If you are looking for a reason why you should always keep your mouth shut, look no further. My thesis advisor, Bruce, was talking to Ross asking if he could nock up a projector mount for a project. The projector mount points the projector down onto a table and is used for researching large interactive displays. Eventually we will be able to buy tables with high resolution, millimetre thin, displays embedded into their surfaces. The projector technique is one of the ways we mock up these sorts of user interfaces while we are waiting for the real hardware to arrive.

Any way, Ross told Bruce that he thought he could nock something up in a day or so. At this time I might have coughed and said something about how a real man could have it done in half that time.
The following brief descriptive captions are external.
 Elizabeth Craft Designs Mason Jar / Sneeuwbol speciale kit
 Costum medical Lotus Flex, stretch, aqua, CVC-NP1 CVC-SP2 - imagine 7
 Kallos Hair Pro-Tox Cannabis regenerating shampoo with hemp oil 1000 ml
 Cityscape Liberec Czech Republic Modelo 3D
It was an ill advised comment at best. Ross just smiled at me, then looked at Bruce without missing a beat and said "Aaron is building it". Bruce, always fast on the uptake, just said "Ok" and wandered out of the room. I work with very smart people and boy, do they ever know how to teach you a lesson.

Ok, so after I put this page up I was talking to Ross and he said my recollection was no where near accurate. He thought I had jumped out of my seat to volunteer. His exact wording, which he said I could quote him on, was "you dug your own hole". Which, considering that the projector mount was going to be used for, among other things, a crazy robot tracking project, I probably did. Memory is definitely subjective.
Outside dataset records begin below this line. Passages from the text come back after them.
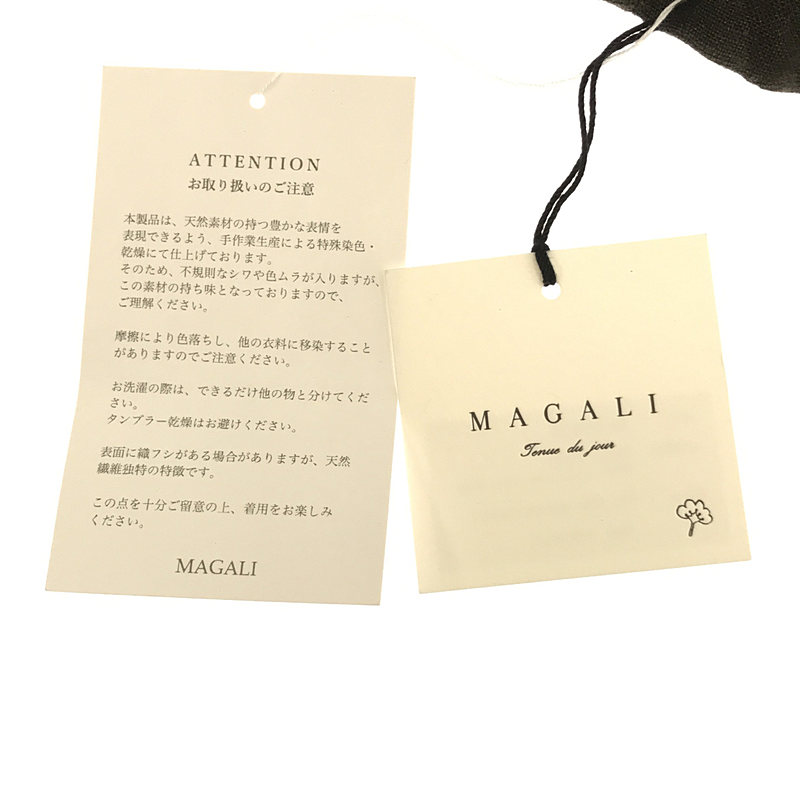 MAGALI / マガリ 2022AW ブラッシュドベルギーリネン グランジレ ベスト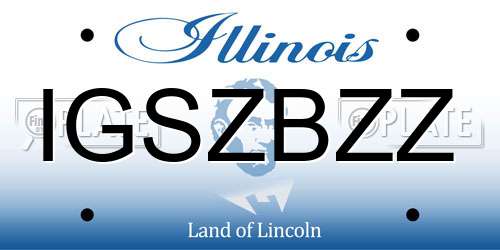 IGSZBZZ Illinois License Plate
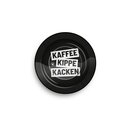 FireFlow Aschenbecher Metall 14cm - Kaffee Kippe Kacken...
Bruce had another student who had purchased the scaffolding you see to the left in order to mount about 8 cameras pointing at the table as part of a tracking project. Ok if I was going to do this I was going to do it right. Both the position and projection angle were adjustable in my design.

The projector mount sits between two rails bolted to the scaffolding. This actually acted to stabilize the scaffolding. The rails were bolted to a series of convenient mounting holes along the scaffolding. This allowed the mount to be moved, with the rails from "side-to-side" along the scaffolding. Inside the "L" shaped rails the mound was able to be slid "front-to-back" in the grove formed by the rails. I glued stips of rubber cut from old mouse pads to the aluminium plate that formed the base of the mount. This both prevented it from slipping and provided some simple vibration dampening for the projector.

I lathed down a scrap piece of steel rod so that the ends slipped into holes I drilled through a support bar. The bar was a bent piece of aluminium. The lathing let the U shaped support bar capture the steel rod. Then another mount held the camera allowing it so swing on the rod.

Since the mount let the projector swing to adjust the projection angle I needed to mill out a channel in the base so the projector lenses could move freely over the desired range of projection angle.

Ok, so the moral of this story is friends let friends shoot their mouths off then they collaborate to teach that friend a lesson. Thanks guys. The funny part was it took me almost twice as long as Ross's estimate to buy the aluminium, and nock this together. I am not sure of what his intended design was going to be but Ross is the kind of bad ass at this sort of stuff that makes me believe that his implementation would have been better. Ugh, me and my big mouth.